## [COLLECTED MATERIAL]
--*--

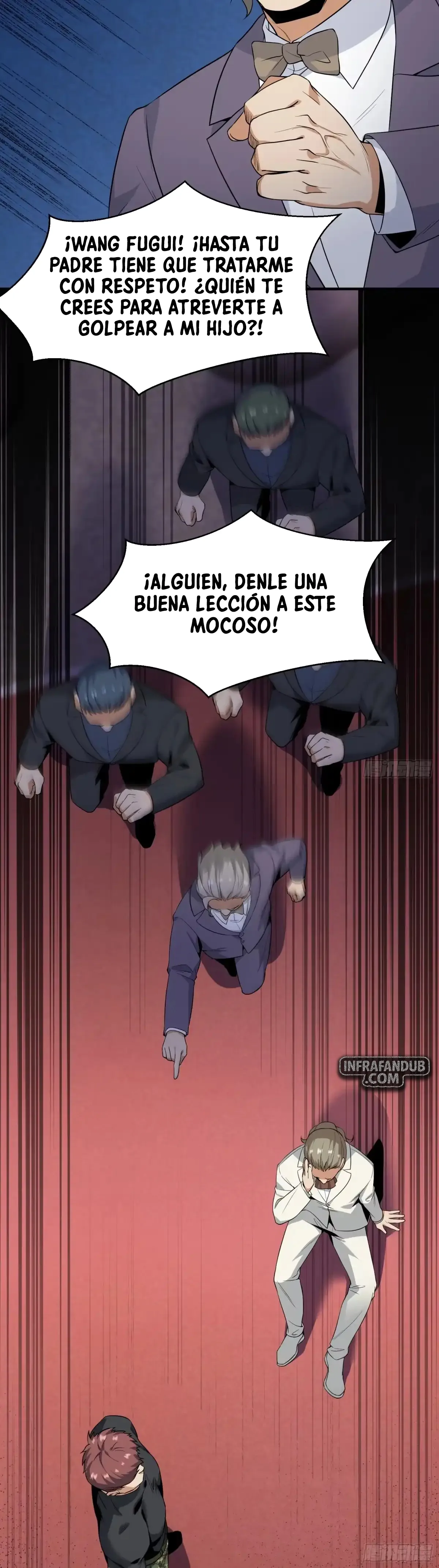 Read Cuñada, Ya no soy tonto ES Manga Online
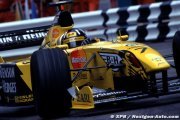 Jordan : Vettel est pour Aston Martin F1 ce que Hill était pour Jordan
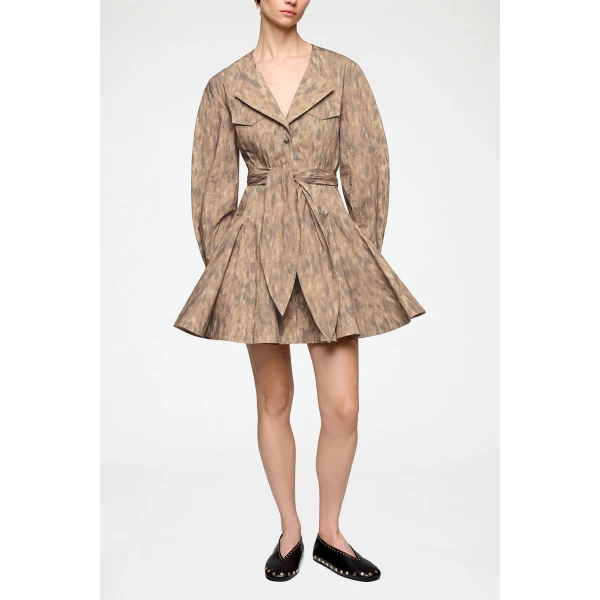 Ganni dresses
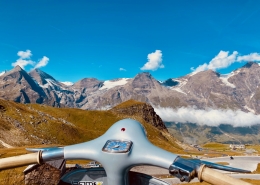 Journées Vespa Alp 2020 Zell am See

--*--

## [WHAT THIS TASK INVOLVES]
In transcribing the listing, keep each word as it is and drop the pictures.

## [FINAL ANSWER]
 Read Cuñada, Ya no soy tonto ES Manga Online
 Jordan : Vettel est pour Aston Martin F1 ce que Hill était pour Jordan
 Ganni dresses
 Journées Vespa Alp 2020 Zell am See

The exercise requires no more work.